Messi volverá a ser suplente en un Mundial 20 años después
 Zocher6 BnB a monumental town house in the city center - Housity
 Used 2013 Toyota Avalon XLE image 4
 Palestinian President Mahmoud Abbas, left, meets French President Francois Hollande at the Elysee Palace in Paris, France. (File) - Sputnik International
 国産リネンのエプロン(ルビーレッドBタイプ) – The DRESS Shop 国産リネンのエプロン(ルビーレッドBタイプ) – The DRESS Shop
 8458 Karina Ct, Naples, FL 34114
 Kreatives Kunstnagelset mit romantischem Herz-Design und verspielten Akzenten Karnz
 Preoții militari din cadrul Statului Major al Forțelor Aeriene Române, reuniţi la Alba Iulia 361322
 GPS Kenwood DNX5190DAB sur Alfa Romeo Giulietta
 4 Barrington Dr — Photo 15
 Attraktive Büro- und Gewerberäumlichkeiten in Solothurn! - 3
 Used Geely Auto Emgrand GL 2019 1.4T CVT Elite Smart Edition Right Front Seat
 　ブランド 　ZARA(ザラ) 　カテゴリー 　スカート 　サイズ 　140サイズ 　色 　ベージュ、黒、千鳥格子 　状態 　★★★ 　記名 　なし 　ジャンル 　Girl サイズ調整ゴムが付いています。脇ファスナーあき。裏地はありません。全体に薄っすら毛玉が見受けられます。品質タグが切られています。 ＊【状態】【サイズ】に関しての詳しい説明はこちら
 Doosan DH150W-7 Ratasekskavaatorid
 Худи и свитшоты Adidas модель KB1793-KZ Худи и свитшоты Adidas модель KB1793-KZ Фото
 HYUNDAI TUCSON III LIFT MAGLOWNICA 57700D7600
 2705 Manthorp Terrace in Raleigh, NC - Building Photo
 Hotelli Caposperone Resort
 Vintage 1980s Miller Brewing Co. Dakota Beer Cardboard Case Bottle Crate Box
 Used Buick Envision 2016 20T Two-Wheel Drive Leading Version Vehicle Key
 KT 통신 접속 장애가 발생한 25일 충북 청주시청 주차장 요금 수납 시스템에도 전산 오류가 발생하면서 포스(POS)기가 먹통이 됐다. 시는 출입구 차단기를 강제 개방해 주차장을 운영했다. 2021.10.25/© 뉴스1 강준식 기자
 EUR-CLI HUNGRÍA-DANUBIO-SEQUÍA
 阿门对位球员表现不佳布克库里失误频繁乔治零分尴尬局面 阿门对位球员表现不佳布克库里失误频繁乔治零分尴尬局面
++++++++++
Where a line of the records includes "Photo", copy it.

 4 Barrington Dr — Photo 15
 2705 Manthorp Terrace in Raleigh, NC - Building Photo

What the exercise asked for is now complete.